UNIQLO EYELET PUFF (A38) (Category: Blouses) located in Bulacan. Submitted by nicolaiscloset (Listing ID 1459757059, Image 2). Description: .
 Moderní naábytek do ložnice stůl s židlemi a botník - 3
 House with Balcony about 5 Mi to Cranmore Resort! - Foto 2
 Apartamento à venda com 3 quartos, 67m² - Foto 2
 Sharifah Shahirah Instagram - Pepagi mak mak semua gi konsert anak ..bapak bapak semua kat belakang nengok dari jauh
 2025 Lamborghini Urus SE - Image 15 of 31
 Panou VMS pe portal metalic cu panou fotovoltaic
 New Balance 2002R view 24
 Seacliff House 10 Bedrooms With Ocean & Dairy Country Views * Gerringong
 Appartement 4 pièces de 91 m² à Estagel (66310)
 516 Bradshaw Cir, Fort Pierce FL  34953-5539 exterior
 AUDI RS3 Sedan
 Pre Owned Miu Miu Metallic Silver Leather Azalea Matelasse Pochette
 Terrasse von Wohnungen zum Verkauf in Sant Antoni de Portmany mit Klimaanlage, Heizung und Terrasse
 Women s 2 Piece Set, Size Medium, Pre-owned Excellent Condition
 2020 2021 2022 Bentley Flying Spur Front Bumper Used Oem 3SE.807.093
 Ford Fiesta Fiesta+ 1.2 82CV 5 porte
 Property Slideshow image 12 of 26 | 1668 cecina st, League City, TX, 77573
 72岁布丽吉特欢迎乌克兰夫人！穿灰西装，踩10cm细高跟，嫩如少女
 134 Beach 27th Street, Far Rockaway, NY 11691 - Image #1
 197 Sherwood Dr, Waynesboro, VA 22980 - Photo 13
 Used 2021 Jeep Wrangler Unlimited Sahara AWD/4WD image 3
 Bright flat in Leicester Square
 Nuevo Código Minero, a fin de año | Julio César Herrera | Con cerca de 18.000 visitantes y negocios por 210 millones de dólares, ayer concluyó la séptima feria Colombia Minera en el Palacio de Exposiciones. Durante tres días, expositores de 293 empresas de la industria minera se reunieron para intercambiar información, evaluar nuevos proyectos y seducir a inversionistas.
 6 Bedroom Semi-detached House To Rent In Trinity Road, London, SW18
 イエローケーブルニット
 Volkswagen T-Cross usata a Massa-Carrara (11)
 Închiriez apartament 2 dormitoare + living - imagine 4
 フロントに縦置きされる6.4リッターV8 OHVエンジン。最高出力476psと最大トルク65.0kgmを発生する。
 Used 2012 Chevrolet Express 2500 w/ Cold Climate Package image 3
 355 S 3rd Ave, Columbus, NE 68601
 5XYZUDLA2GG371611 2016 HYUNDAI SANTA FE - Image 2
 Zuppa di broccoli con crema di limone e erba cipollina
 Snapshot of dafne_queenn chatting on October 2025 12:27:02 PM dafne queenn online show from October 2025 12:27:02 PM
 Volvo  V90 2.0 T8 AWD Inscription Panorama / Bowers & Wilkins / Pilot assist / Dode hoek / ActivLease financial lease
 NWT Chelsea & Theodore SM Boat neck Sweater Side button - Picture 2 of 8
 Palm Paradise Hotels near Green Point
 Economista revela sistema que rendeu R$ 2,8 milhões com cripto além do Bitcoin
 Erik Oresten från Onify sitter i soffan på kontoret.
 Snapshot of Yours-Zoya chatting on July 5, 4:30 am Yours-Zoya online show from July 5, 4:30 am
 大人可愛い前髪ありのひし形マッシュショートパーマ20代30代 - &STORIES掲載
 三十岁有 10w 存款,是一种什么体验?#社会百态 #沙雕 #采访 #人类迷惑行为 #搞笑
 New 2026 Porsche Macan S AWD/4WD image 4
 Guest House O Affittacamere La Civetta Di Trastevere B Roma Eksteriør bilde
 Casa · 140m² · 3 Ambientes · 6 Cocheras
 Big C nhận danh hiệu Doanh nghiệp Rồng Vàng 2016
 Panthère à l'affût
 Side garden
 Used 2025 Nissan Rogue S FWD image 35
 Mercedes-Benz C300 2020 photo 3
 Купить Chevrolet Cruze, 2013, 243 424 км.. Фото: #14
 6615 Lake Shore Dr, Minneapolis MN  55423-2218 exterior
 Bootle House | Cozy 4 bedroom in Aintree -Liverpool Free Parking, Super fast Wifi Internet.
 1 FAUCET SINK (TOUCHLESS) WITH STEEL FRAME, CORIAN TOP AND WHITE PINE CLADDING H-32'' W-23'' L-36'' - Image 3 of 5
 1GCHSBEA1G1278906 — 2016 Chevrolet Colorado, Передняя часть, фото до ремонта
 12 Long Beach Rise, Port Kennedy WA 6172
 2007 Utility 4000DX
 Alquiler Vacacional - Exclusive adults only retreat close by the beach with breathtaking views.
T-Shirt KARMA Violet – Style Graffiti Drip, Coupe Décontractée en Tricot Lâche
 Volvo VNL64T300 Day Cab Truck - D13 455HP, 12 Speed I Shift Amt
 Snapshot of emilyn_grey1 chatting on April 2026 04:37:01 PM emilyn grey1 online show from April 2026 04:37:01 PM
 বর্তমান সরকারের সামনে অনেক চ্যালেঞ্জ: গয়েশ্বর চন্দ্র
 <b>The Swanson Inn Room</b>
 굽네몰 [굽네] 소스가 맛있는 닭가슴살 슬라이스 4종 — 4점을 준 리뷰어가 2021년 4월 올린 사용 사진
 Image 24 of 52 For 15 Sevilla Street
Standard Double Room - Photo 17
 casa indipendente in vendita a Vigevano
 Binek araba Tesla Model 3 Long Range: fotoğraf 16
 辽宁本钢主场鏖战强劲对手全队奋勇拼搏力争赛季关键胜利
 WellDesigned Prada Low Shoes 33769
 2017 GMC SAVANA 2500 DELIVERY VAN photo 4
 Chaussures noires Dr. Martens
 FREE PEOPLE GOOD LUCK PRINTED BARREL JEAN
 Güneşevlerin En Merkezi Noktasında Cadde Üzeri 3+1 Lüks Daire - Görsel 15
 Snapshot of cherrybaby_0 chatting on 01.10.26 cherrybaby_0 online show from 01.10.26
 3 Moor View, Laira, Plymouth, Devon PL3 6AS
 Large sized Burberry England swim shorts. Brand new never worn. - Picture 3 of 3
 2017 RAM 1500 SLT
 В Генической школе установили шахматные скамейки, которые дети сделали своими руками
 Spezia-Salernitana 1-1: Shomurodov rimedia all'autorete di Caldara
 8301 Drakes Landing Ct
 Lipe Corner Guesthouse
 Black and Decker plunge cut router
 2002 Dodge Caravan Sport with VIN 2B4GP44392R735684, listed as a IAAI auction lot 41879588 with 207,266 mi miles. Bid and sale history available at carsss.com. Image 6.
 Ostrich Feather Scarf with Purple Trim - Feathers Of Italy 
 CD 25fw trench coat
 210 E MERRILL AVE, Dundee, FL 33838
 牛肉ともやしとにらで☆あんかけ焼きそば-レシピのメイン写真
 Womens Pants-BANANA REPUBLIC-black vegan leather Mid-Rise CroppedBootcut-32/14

- - -

◆ PROBLEM STATEMENT: Look over the listing. Pull out every line with the string "Side" in it.

◆ ANSWER SPACE:
 NWT Chelsea & Theodore SM Boat neck Sweater Side button - Picture 2 of 8
 Side garden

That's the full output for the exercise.